» How to complete this task:
Below are records with pictures in them. Output exactly the lines from the one with "Property grounds - Private" through the one with "Read more about", both included, and leave every picture out; give only those lines.

====

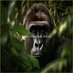 BrewMoonMugrecord (@bmugrecord25482) Twitter profile photo BrewMoonMugrecord (@bmugrecord25482) Twitter profile photo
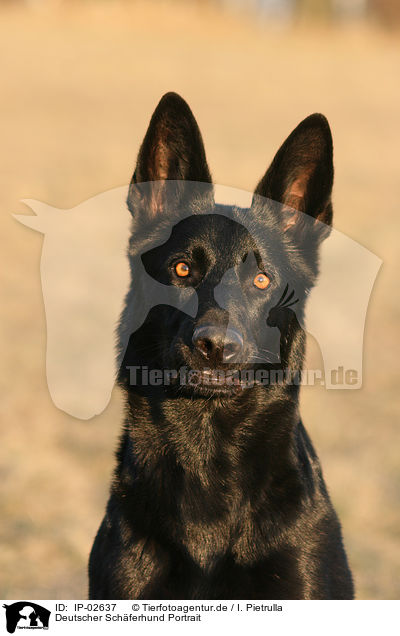Deutscher Schferhund Portrait / German Shepherd Portrait / IP-02637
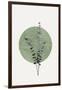 Eucalyptus and Green Moon-THE MIUUS STUDIO-Framed Giclee Print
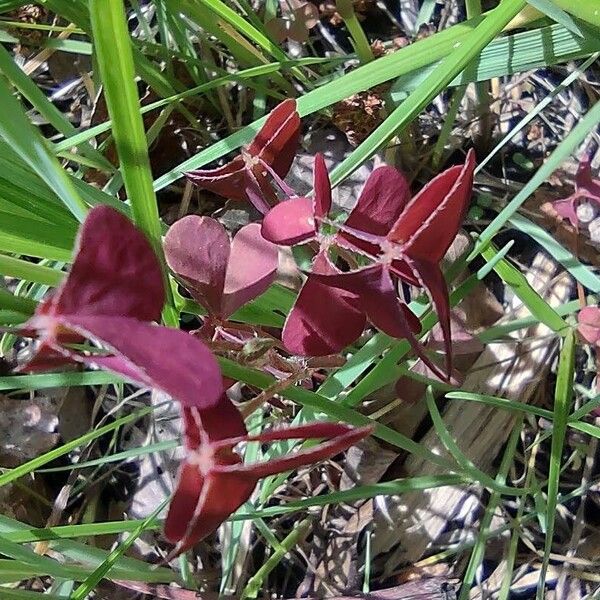 Oxalis corniculata ফুল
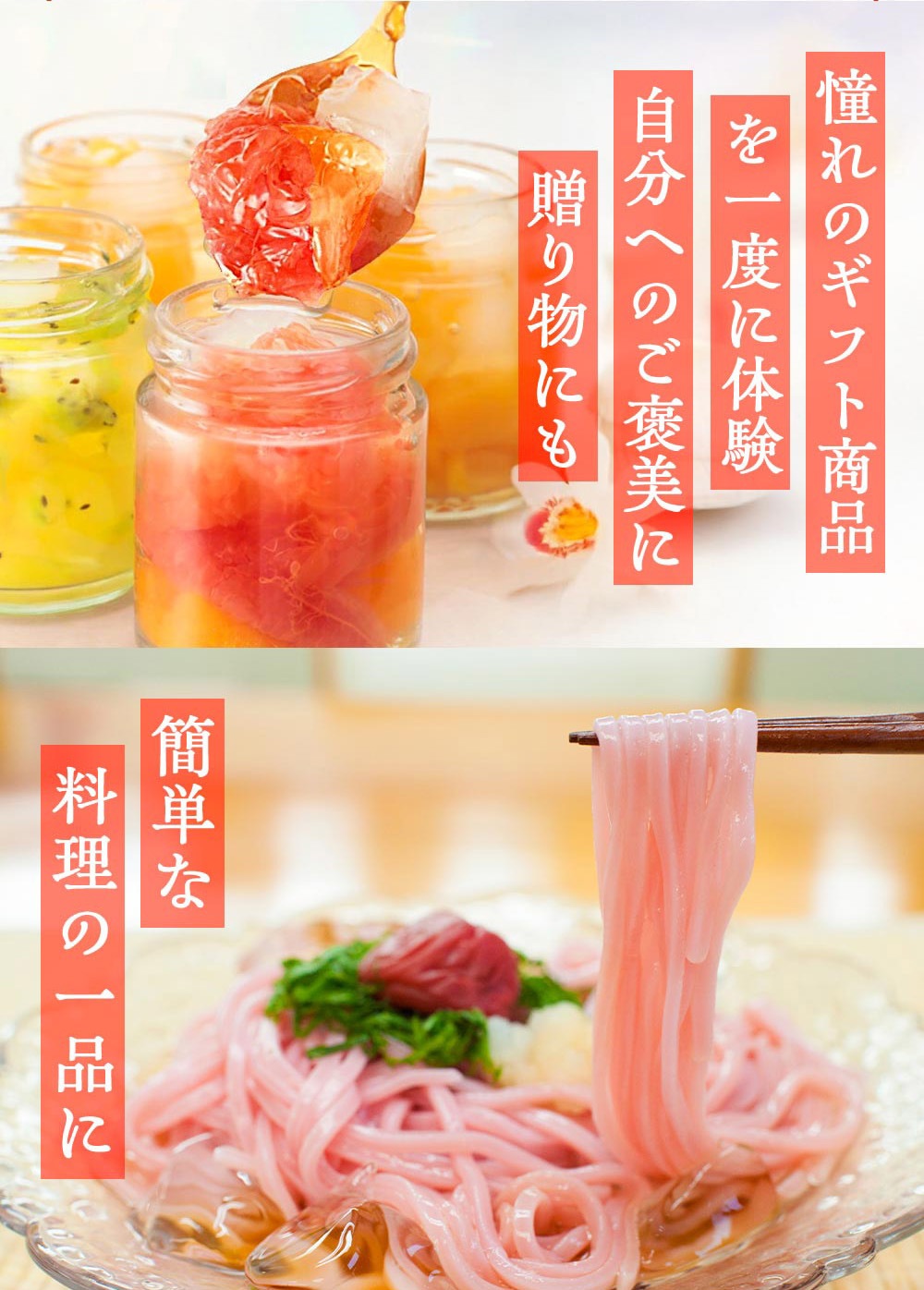 2026 ���� ʡ�� ʡ��8�����å� ��ŷ1�̼��ޥ��եȾ���¿�������ʡ�ޢ�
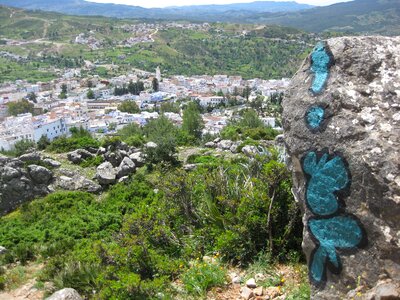 Landscape city graffiti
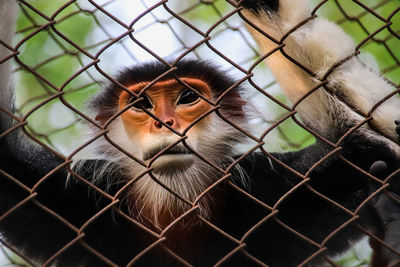 Red-shanked douc langur behind chainlinked fence in a rehabilitation center 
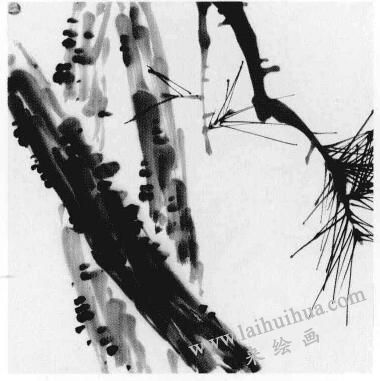 松树画法步骤02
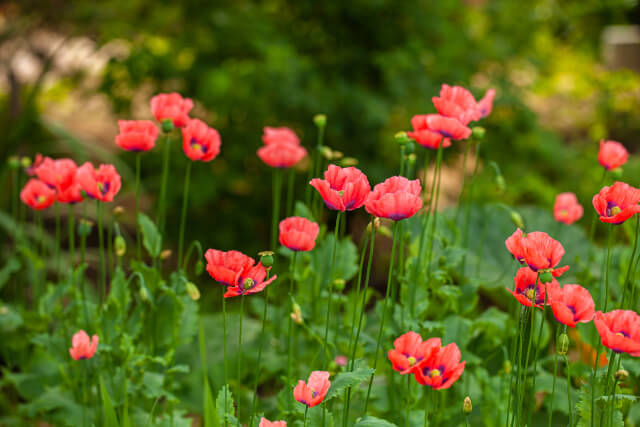 bright flowering poppies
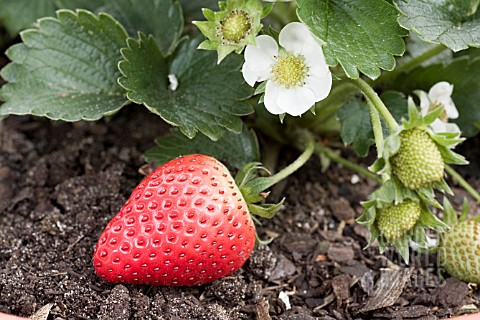 RIPE_STRAWBERRY_AND_FLOWER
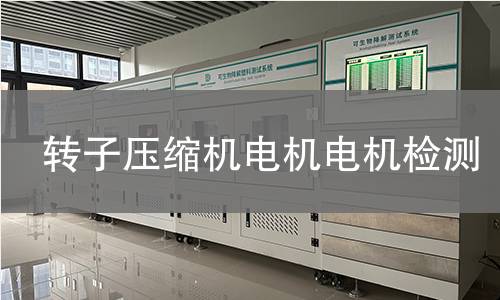 轉(zhuǎn)子壓縮機電機檢測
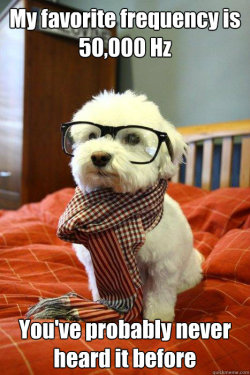 meme-spot:  Hipster dog  muito bom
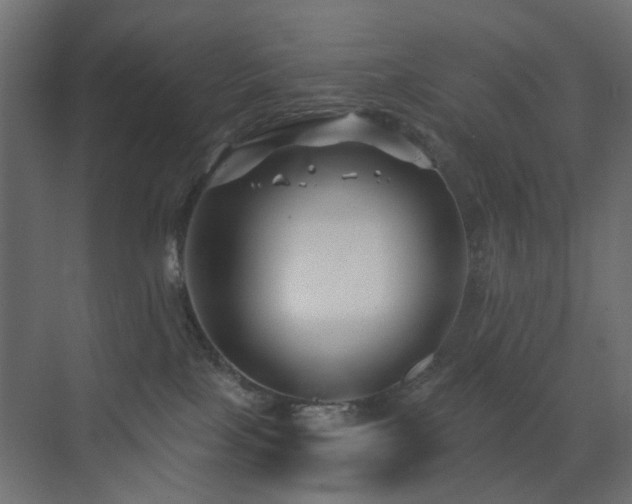 X0000072960089200607211208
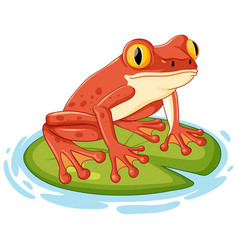 Red Frog Cartoon On Lily Pad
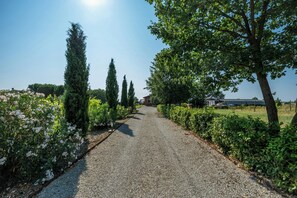 Property grounds - Private villa with pool on Cortona vineyards (Cortona)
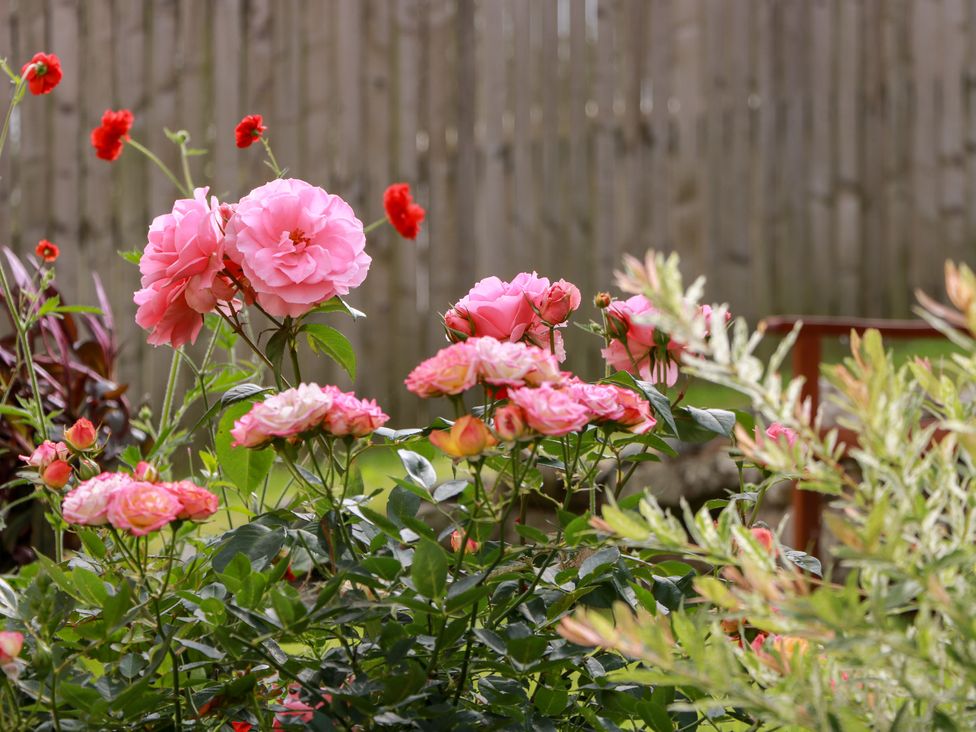 A garden with pink roses and green foliage at Simply Suite in Castle Douglas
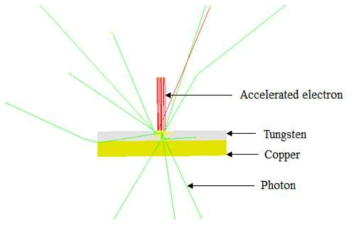 Monte Carlo simulation of interaction between target and accelerated electron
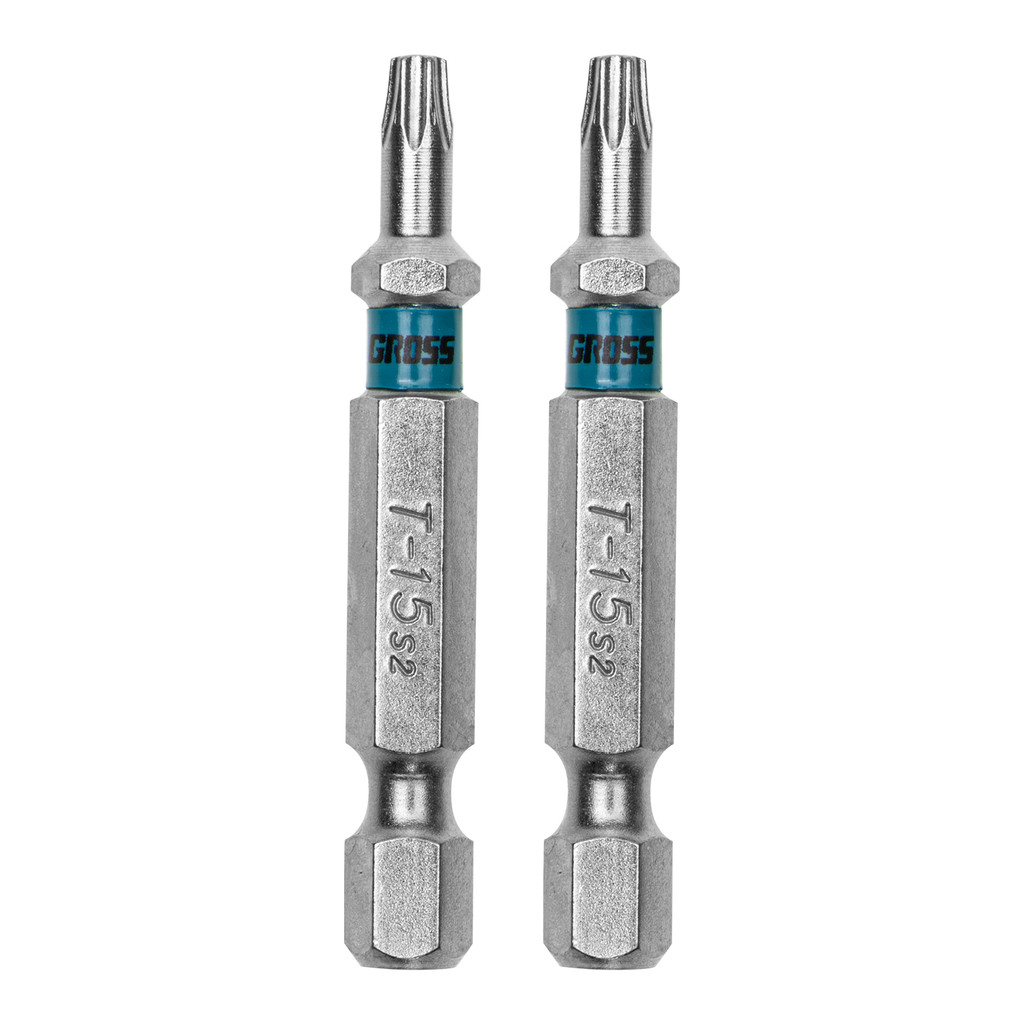 BITS TORX T15, ACO CROMO MOLIBDENIO, 50MM, 2PCS // GROSS
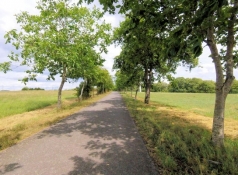 Maare-Mosel-Radweg bei Laufeld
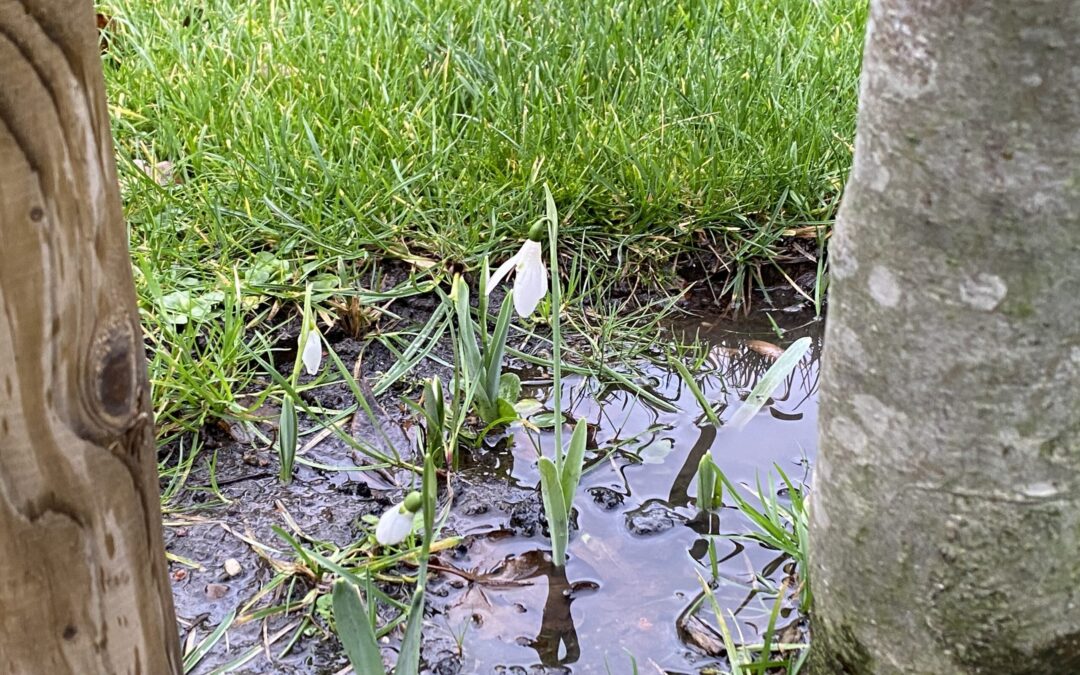 Voetjes in het water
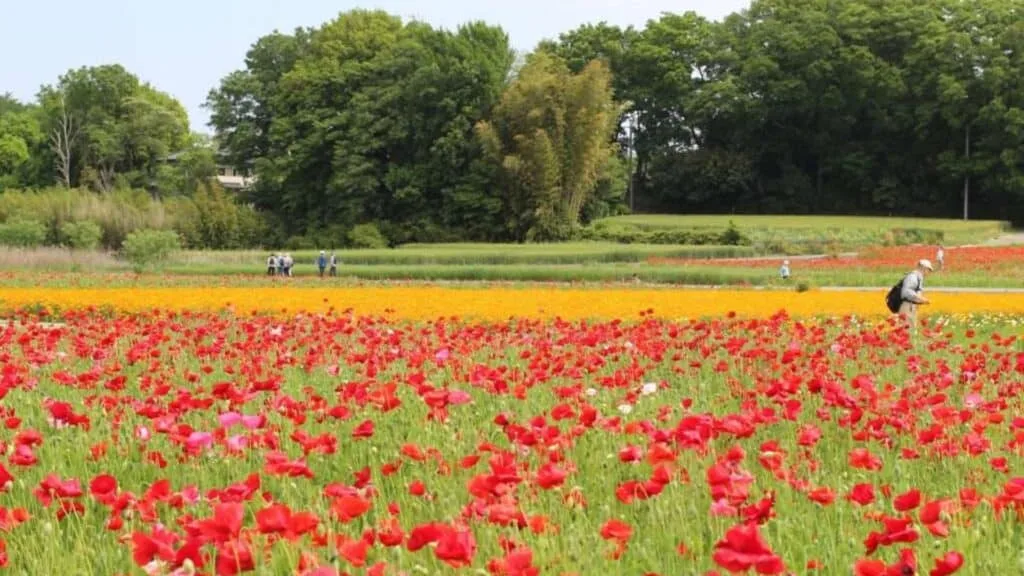 Poppies in Japan 2022 Konosu Poppy Field and Festival
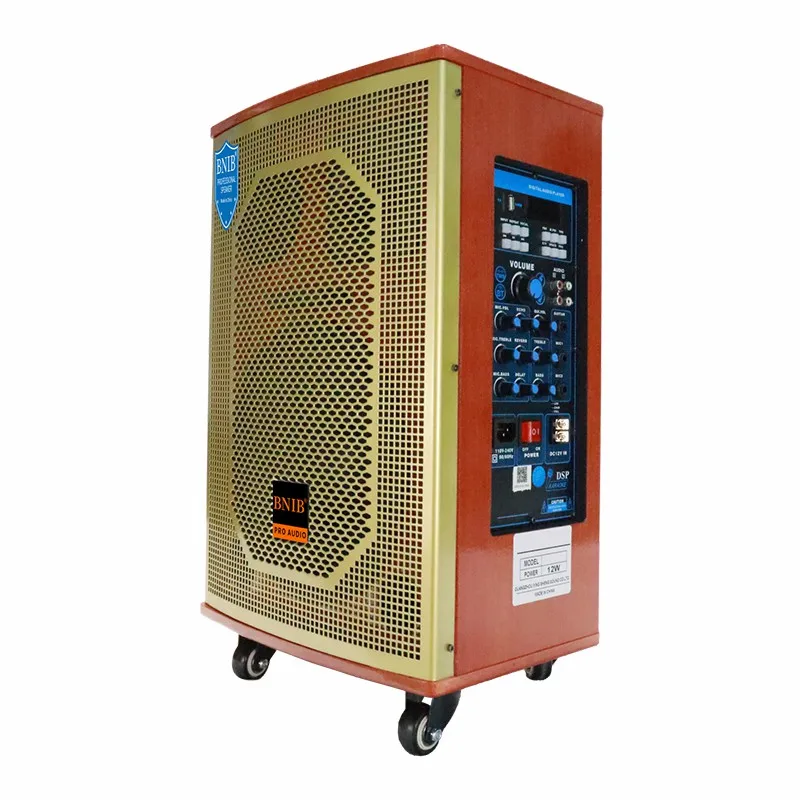 Trending 2022 Speakers Wireless Trolley Speaker Sound Equipment Amplifiers Speaker TF USB MIC ODM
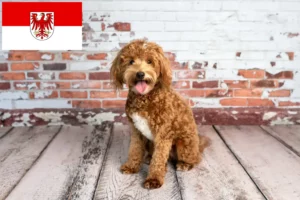 Read more about the article Goldendoodle opdrættere og hvalpe i Brandenburg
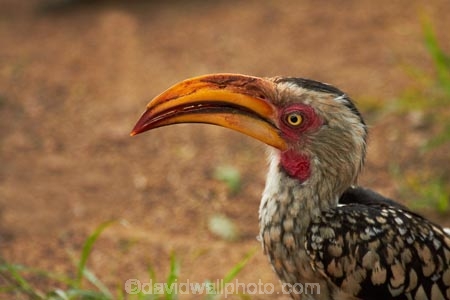 Africa;Animal;animals;avian;bill;bills;bird;bird-spotting;bird-watching;bird_watching;birds;eco-tourism;eco_tourism;ecotourism;Fauna;Flying-Banana;game-park;game-parks;game-reserve;game-reserves;Great-Limpopo-Transfrontier-Park;Hornbill;Hornbills;Kruger;Kruger-N.P.;Kruger-National-Park;Kruger-NP;Kruger-reserve;Kruger-to-Canyons-Biosphere;national-park;national-parks;Natural;Nature;Ornithology;Republic-of-South-Africa;South-Africa;South-African-Republic;Southern-Africa;Southern-Yellow_billed-Hornbill;Southern-Yellow_billed-Hornbills;Tockus-leucomelas;wild;wildlife;wildlife-park;wildlife-parks;wildlife-reserve;wildlife-reserves;Yellow-billed-Hornbill;Yellow-billed-Hornbills;Yellow_billed-Hornbill;Yellow_billed-Hornbills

====

» Task response:
 Property grounds - Private villa with pool on Cortona vineyards (Cortona)
 A garden with pink roses and green foliage at Simply Suite in Castle Douglas
 Monte Carlo simulation of interaction between target and accelerated electron
 BITS TORX T15, ACO CROMO MOLIBDENIO, 50MM, 2PCS // GROSS
 Maare-Mosel-Radweg bei Laufeld
 Voetjes in het water
 Poppies in Japan 2022 Konosu Poppy Field and Festival
 Trending 2022 Speakers Wireless Trolley Speaker Sound Equipment Amplifiers Speaker TF USB MIC ODM
 Read more about the article Goldendoodle opdrættere og hvalpe i Brandenburg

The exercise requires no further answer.